An official from the U.S. attorney’s office said the numbers are misleading and that Maryland has one of the “most aggressive, diligent offices dealing with these types of complaints.”
But civil rights leaders said that the numbers paint an accurate picture of the way police brutality is brushed off in the state.
Cases are not prosecuted because the U.S. attorney’s office works with police and therefore does not always tackle police brutality cases aggressively, said the Washington, D.C., director of the National Association for the Advancement of Colored People.
“All of these guys work together and there is some kind of brotherhood,” said the director, Hilary Shelton, who added that police have a knack for justifying their actions within their departments.
The executive director of the National Black Police Association, Ron Hampton, also said that “there is some bias in the criminal justice system that is shown to favor police regarding these cases.”
The Maryland prosecution statistics were compiled by Capital News Service using data from the Transactional Records Access Clearinghouse, a data gathering, research and distribution organization at Syracuse University. TRAC collects data from federal law enforcement and regulatory agencies and provides that information to the public.

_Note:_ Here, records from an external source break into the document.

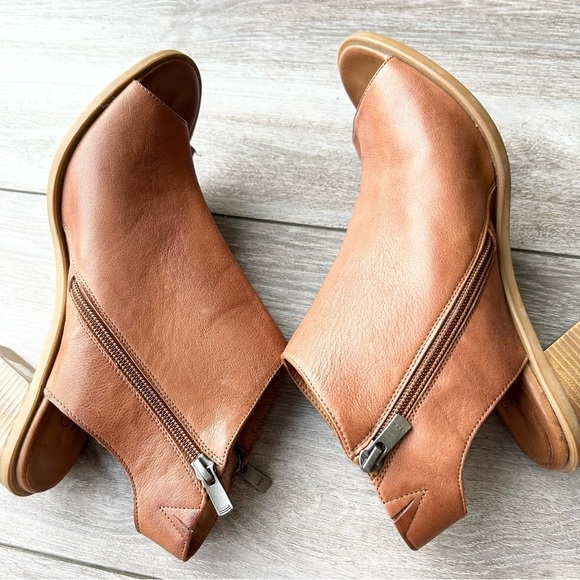 Moda in Pelle Tan Leather Open Toe Double Zippers Cut Out Booties - Picture 10 of 14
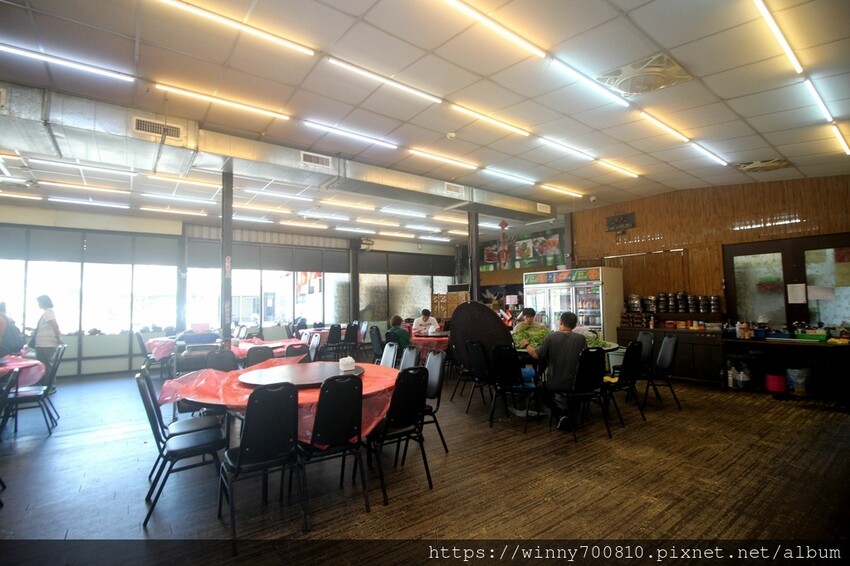 宜蘭縣五結鄉宜蘭/五結「百匯窯烤雞海鮮快炒餐廳」二連霸榮獲十大好食餐廳、評審米其林主廚江振誠、窯烤雞、五更腸旺！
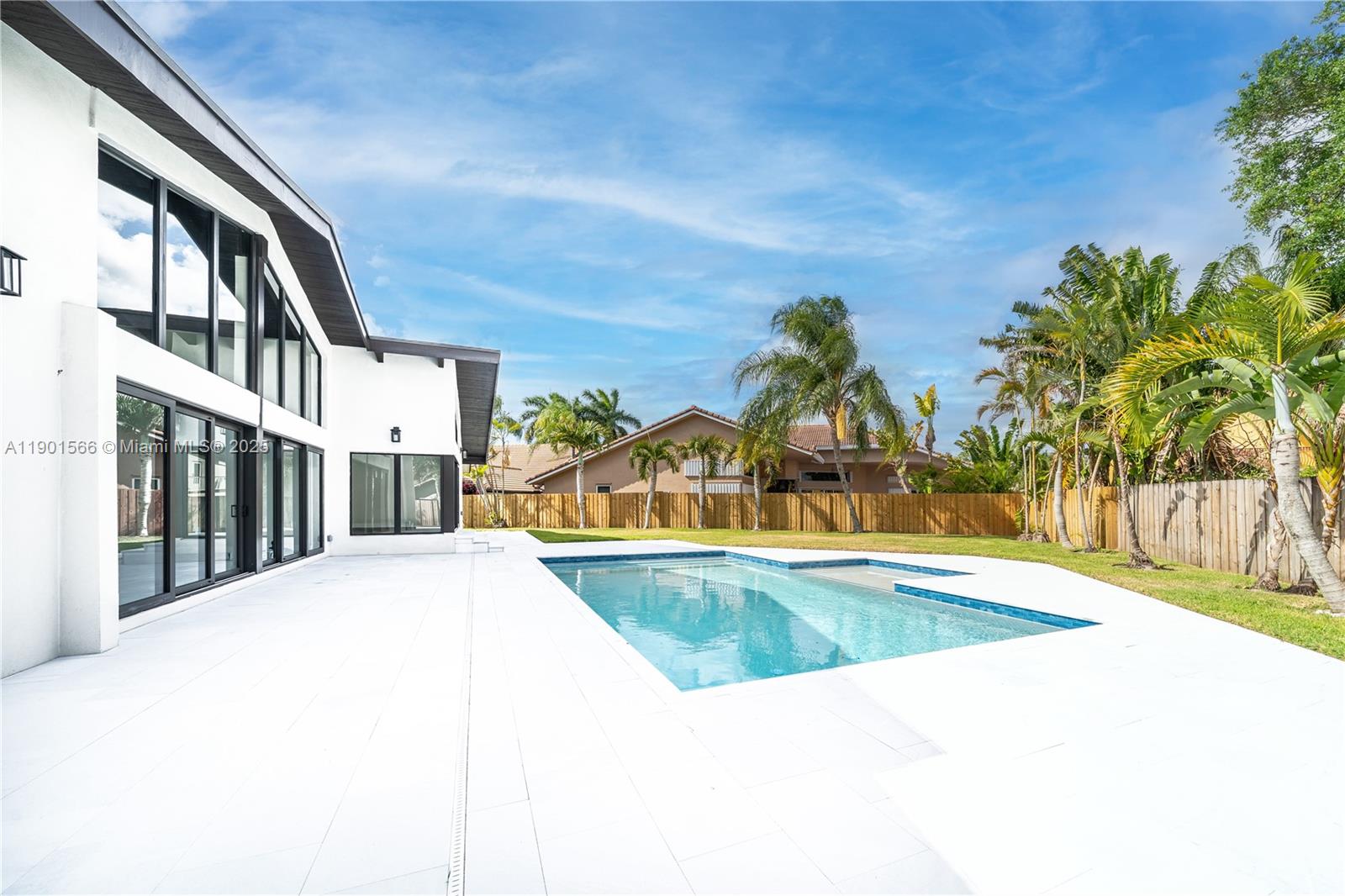 JACARANDA AREA 9 - Residential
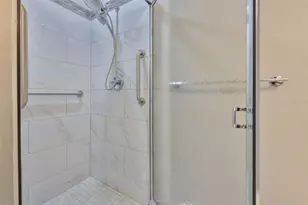 2206 Horsham Pl, Sun City Center, FL 33573 - Photo 25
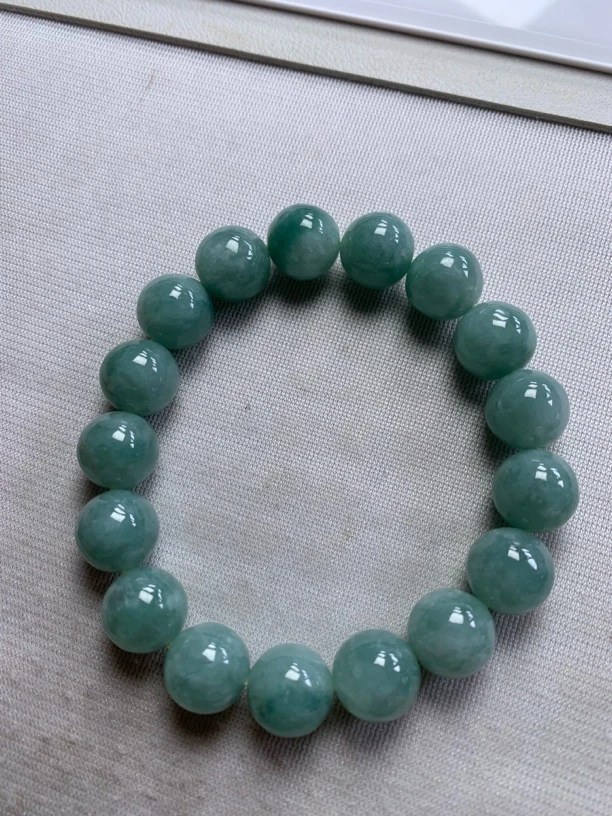 天然翡翠糯冰种绿色手串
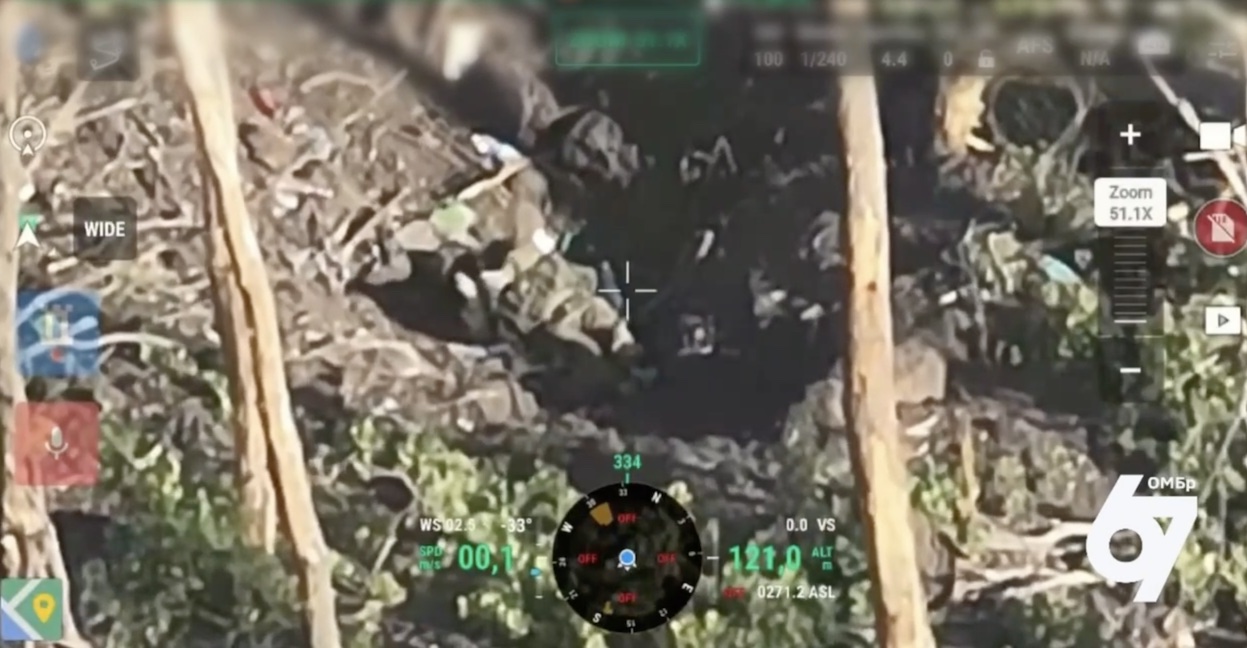 Russian soldier under fire blows up his own grenade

Police brutality prosecutions were no better in the rest of the country than they were in Maryland, according to the TRAC data. For the five-year period, federal attorneys refused to prosecute 98 percent to 98.7 percent of the cases referred to them nationwide.
Even though the prosecution data comes from the Department of Justice, the Assistant U.S. Attorney for Maryland, Steven Dettelbach, said “the numbers don’t tell the whole story.”
He said when an allegation of police brutality is made, it undergoes a lengthy review process that begins with an FBI investigation. If the FBI determines the case has merit, the bureau alerts the U.S. attorney’s office, which further investigates the case before deciding whether to seek charges or to decline to hear the case.
In fact, the one case that was handled by the U.S. attorney’s office since 1994 came from Prince George’s County, where local officials declined to prosecute an officer who was charged with beating a suspect.
Dettelbach was the prosecutor in that case, in which Prince George’s County Police Officer Timothy Moran was convicted of beating a handcuffed man with a nightstick. Moran had been called to intervene in a property dispute between the victim, Peter Peluso, who suffered cuts and bruises, and a neighbor.
In published reports, U.S. District Judge Peter Messitte sharply criticized county officials for leaving it “to the federal government to pursue these matters” and U.S. Attorney Lynne Battaglia was quoted as saying the “abuse of power by a police officer is a serious federal offense.”
Moran, who resigned from the force after pleading guilty in March 1998, was sentenced to five months in prison and five months of home detention on the felony civil rights charge.
But a spokeswoman for the American Civil Liberties Union, Nicole Gray, said that most brutality cases are rejected by the U.S. attorney’s office because federal prosecutors figure the cases will not go anywhere anyway.
“I think one of the reasons so few cases are prosecuted is that in most criminal cases you have to prove criminal intent, or that the police were reckless, and I think that is really hard to prove,” Gray said. “Unfortunately the other side is (often) dead, so you never get to hear their side of the case.”
Hampton said it is hard for him to believe that prosecutors do not see merit in many of the cases that come before them.
“I think that it is as basic as ABC,” he said. “When these officers do the kind of things they do, they justify it because they say they are doing it in the name of public safety.”
But Shelton said there may be another factor at work in the lack of police prosecutions — fear that officers will seek revenge against those who try to file charges.
“The biggest problem is that people are afraid to complain,” he said. “They know that police officers can carry guns.”
Hampton said the best way to increase trust in officers would be to weed out the bad ones through vigorous prosecution. He said that would increase trust in law enforcement threefold.
“We have proven in this country that we can prosecute bad guys, so why haven’t we been aggressive in prosecuting police?” he asked.